Republican Gov. Kristi Noem ducked and dodged Sunday morning when asked if South Dakota would force a raped 10-year-old to give birth—eventually suggesting that “tragic situation” shouldn’t change her state’s restrictive abortion laws.
“The law today is that abortions are illegal except to save the life of the mother,” Noem told anchor Dana Bash on CNN’s State of the Union.
Bash had pressed Noem about the case of a 10-year-old girl in Ohio who was denied an abortion because she was three days past the state’s six-week abortion ban. The girl had to travel to Indiana for the procedure, according to the Indianapolis Star.
“Because this was a trigger law that was passed before you became governor, I want you to be clear, will the state of South Dakota going forward force a 10-year-old in that very same situation to have a baby?” Bash asked.
Noem began by avoiding the direct question, instead focusing on the little girl’s rapist.
“What’s incredible is that nobody’s talking about the pervert, horrible and deranged individual that raped a 10 year old,” Noem said. “What are we doing about that?”
Bash agreed with her but pointed out that women are ultimately the ones who get pregnant. She then continued to press the governor—who recently signed an executive order prohibiting telemedicine abortions as part of the state’s total abortion ban—on whether she was “okay with a 10-year-old girl having to have a baby.”
“No, I’m never okay with that. That story will keep me up at night. It breaks my heart,” Noem responded.

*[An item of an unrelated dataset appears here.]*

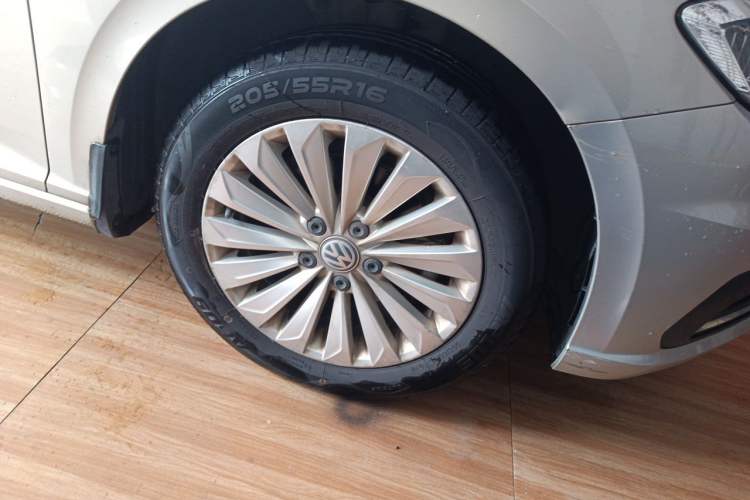 Used Volkswagen Lavida 2018 1.5L Automatic Comfort Edition China V Standard Right Front Wheel Hub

Bash tried again, asking if she would “change the law to have an exception for a situation like that?”
“I can’t even imagine. What I would say is I don’t believe a tragic situation should be perpetuated by another tragedy,” Noem finally said. “And so there’s more that we’ve got to do to make sure that we really are living a life that says every life is precious, especially innocent lives that have been shattered like that 10-year-old girl.”
South Dakota was one of the 13 states to enforce a “trigger law“banning abortions as soon as the Supreme Court overturned Roe v. wadewhich guaranteed the right to an abortion, and Noem has continued to try and spin South Dakota’s decisions by advertising state resources to help support pregnancies, whether wanted or not.
Bash concludes her questioning by asking Noem—who has not kept her political aspirations quiet, even as her star has faded as Florida Gov. Ron DeSantis’ rises— the straightforward question: “Former President Trump may announce that he’s running as soon as this month. If he does, would you support him and would you like to be his running mate?”
“I think there’s a lot of people out there who would like to be his running mate. I don’t operate in the hypothetical,” Noem sidestepped. “I would be shocked if he asked and right now, I’m just so focused on South Dakota.”